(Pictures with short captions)
....................

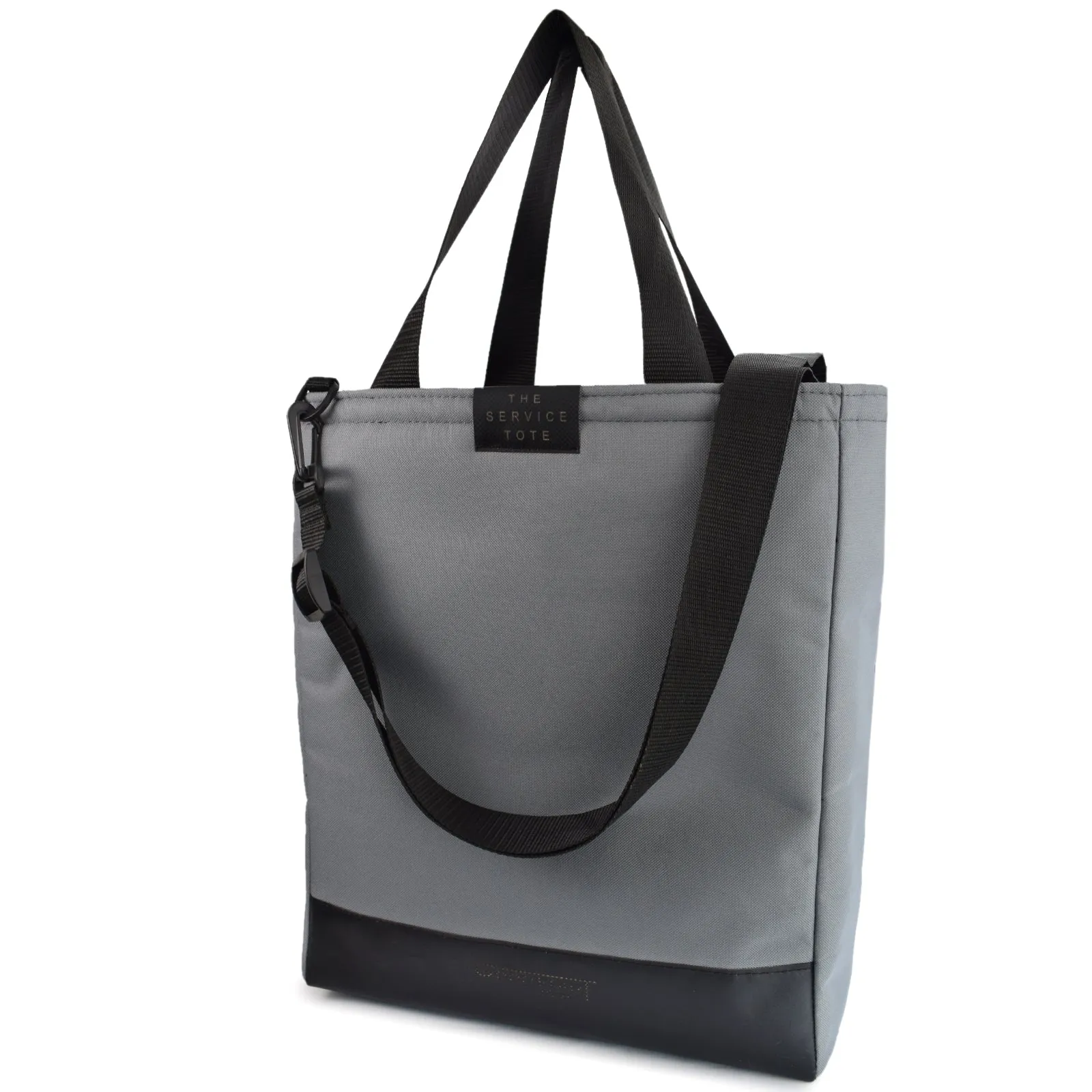 Padded SERVICE Tote Bag | GREY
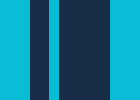 Marineblau/Türkis/Türkis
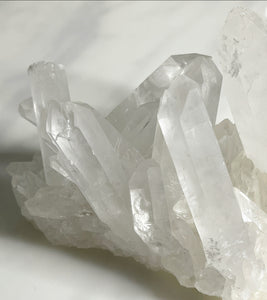 Clear quartz cluster
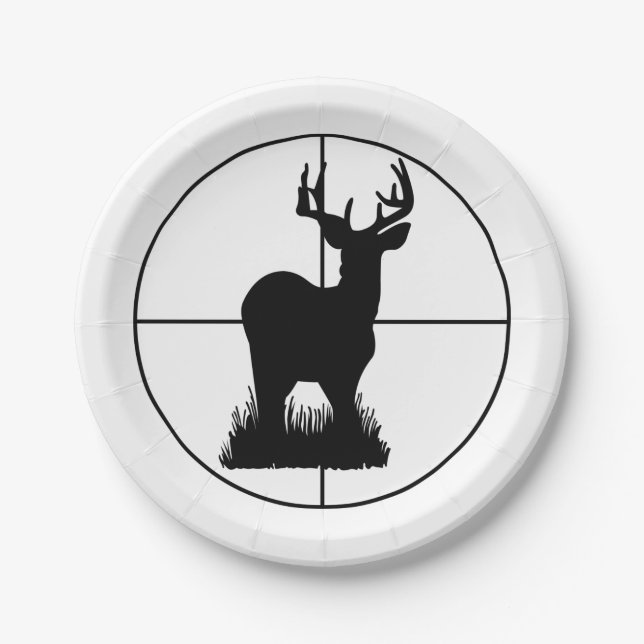 Deer Hunting Paper Plates (Front)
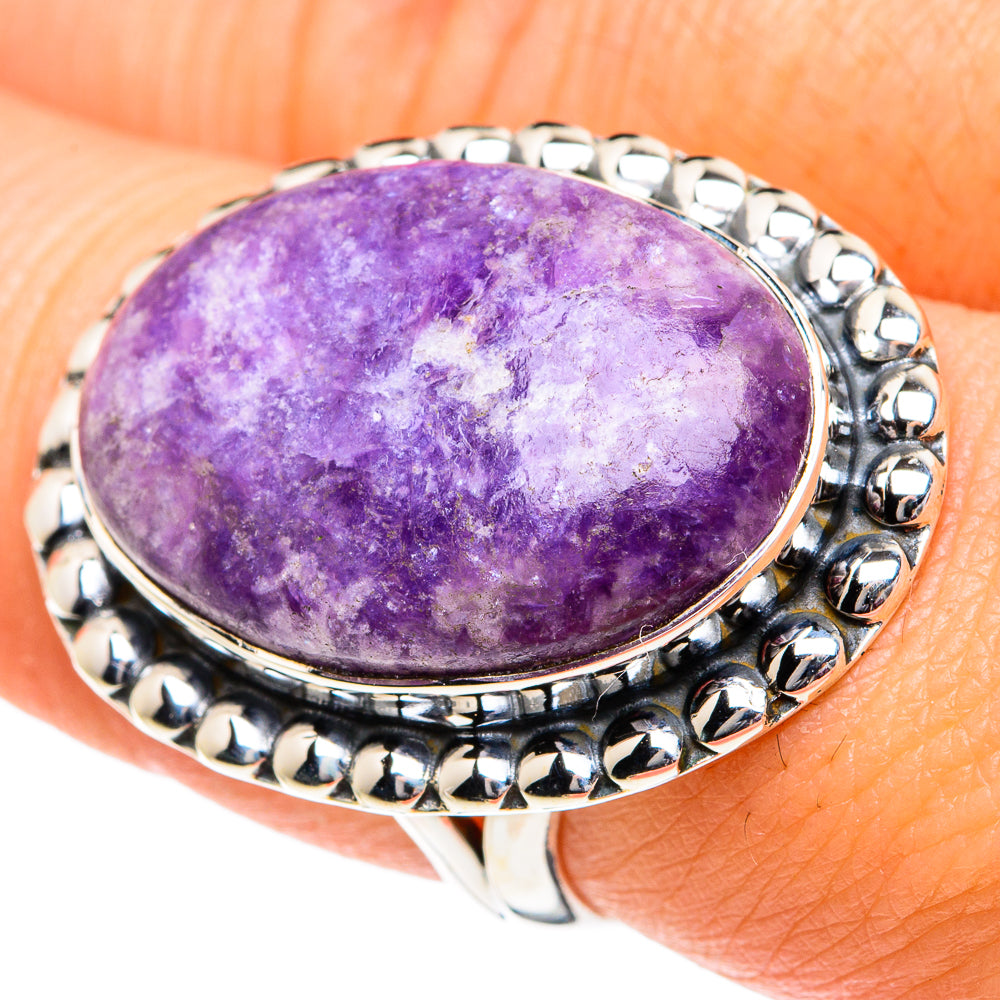 Charoite Rings handcrafted by Anasilvercos - RING81966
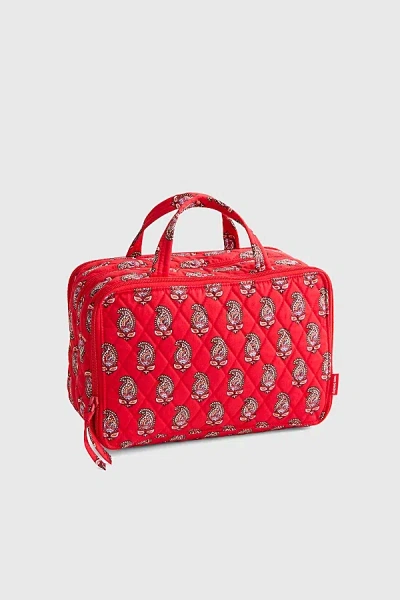 Vera Bradley Quilted Cotton Ultimate Travel Case In Flowering Paisley Goji Berry, Women's At Urban Outfitters In Red
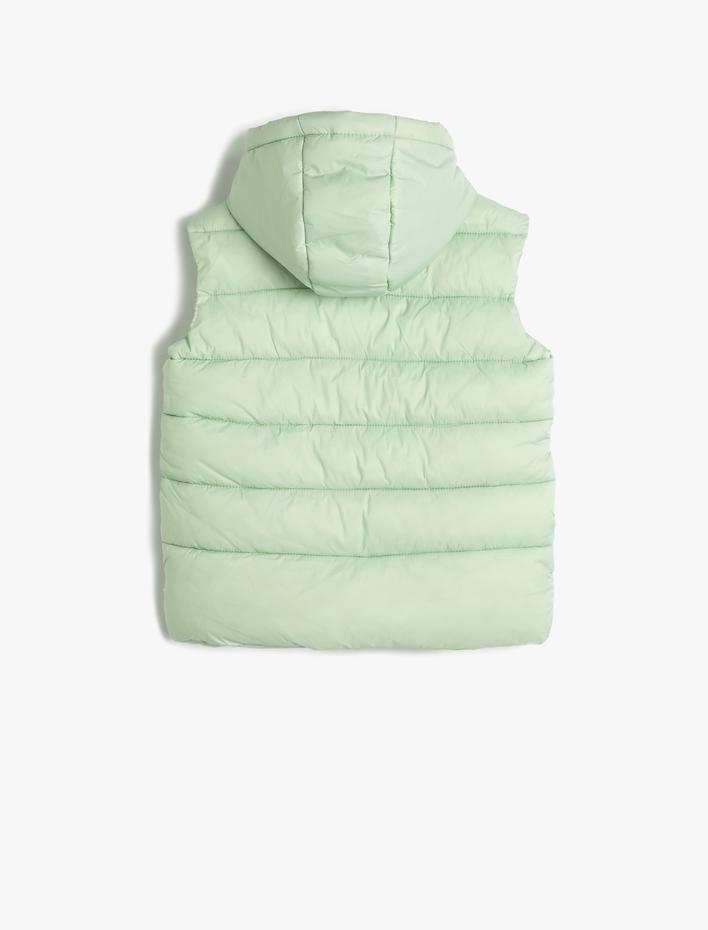 Kız Çocuk Basic Şişme Yelek Kapşonlu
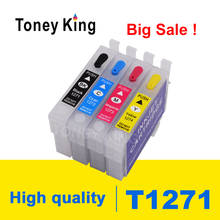 Toney King Refill Ink Cartridge T1271 T1272 T1273 T1274 For Epson Stylus NX530 NX625 Workforce 60 545 630 633 635 645 Printer 2024 - buy cheap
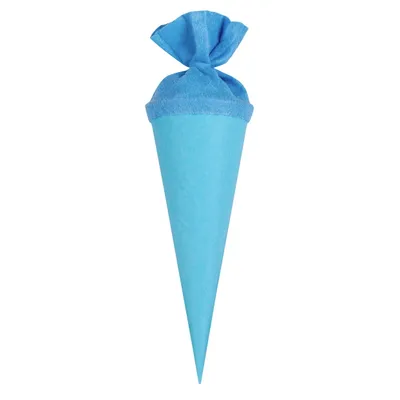 Produktbild von itenga Geschwister - Bastelschultüte 35cm mit Filzverschluss HELLBLAU / PAZIFIKBLAU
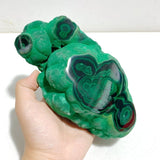 Unique Malachite Raw Bottom With Stand -Wholesale Crystals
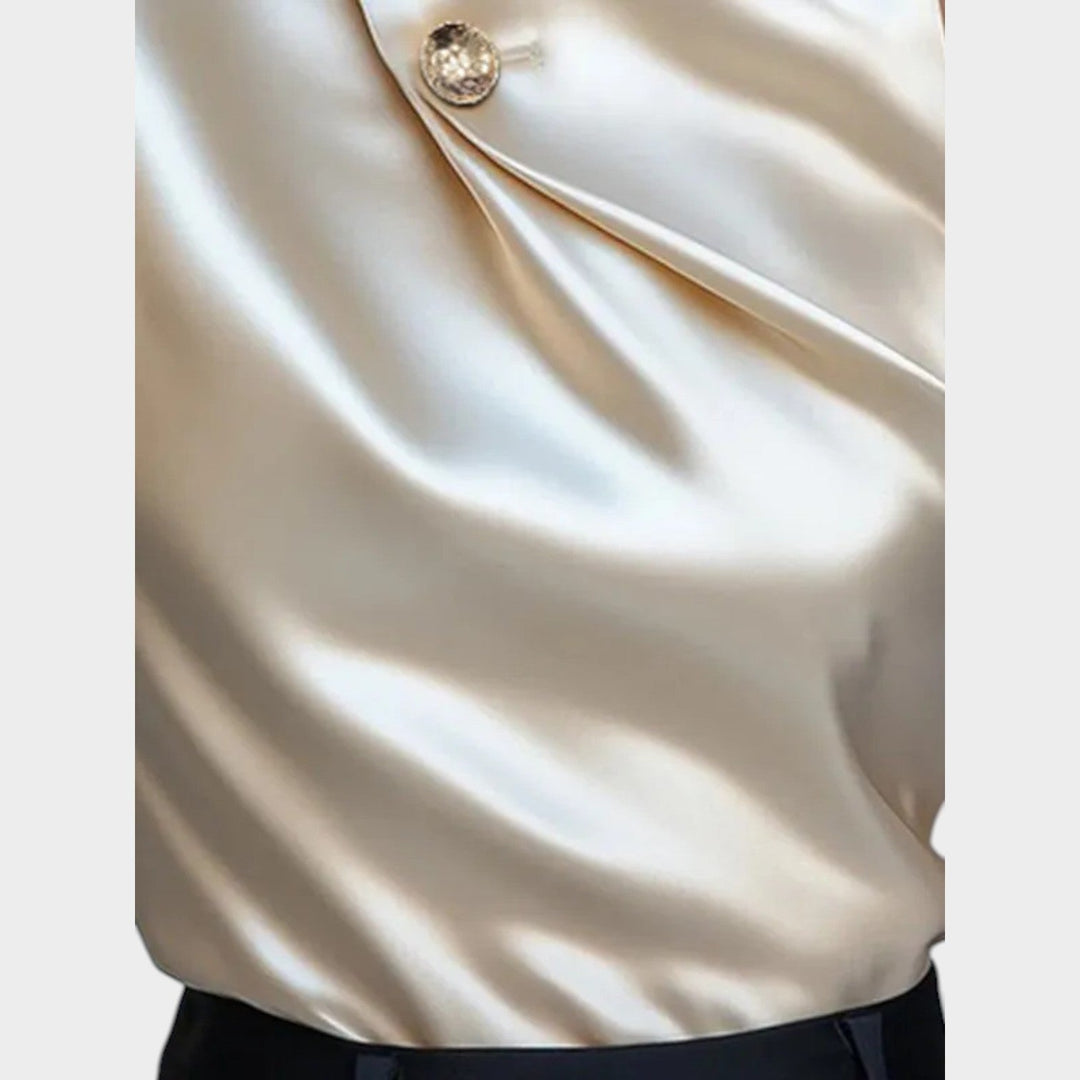 Elegant Satin Sleeveless Blouse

....................

Exercise prompt:
Could you write out the records again exactly, omitting each image?

Exercise output:
 Padded SERVICE Tote Bag | GREY
 Marineblau/Türkis/Türkis
 Clear quartz cluster
 Deer Hunting Paper Plates (Front)
 Charoite Rings handcrafted by Anasilvercos - RING81966
 Vera Bradley Quilted Cotton Ultimate Travel Case In Flowering Paisley Goji Berry, Women's At Urban Outfitters In Red
 Kız Çocuk Basic Şişme Yelek Kapşonlu
 Toney King Refill Ink Cartridge T1271 T1272 T1273 T1274 For Epson Stylus NX530 NX625 Workforce 60 545 630 633 635 645 Printer 2024 - buy cheap
 Produktbild von itenga Geschwister - Bastelschultüte 35cm mit Filzverschluss HELLBLAU / PAZIFIKBLAU
 Unique Malachite Raw Bottom With Stand -Wholesale Crystals
 Elegant Satin Sleeveless Blouse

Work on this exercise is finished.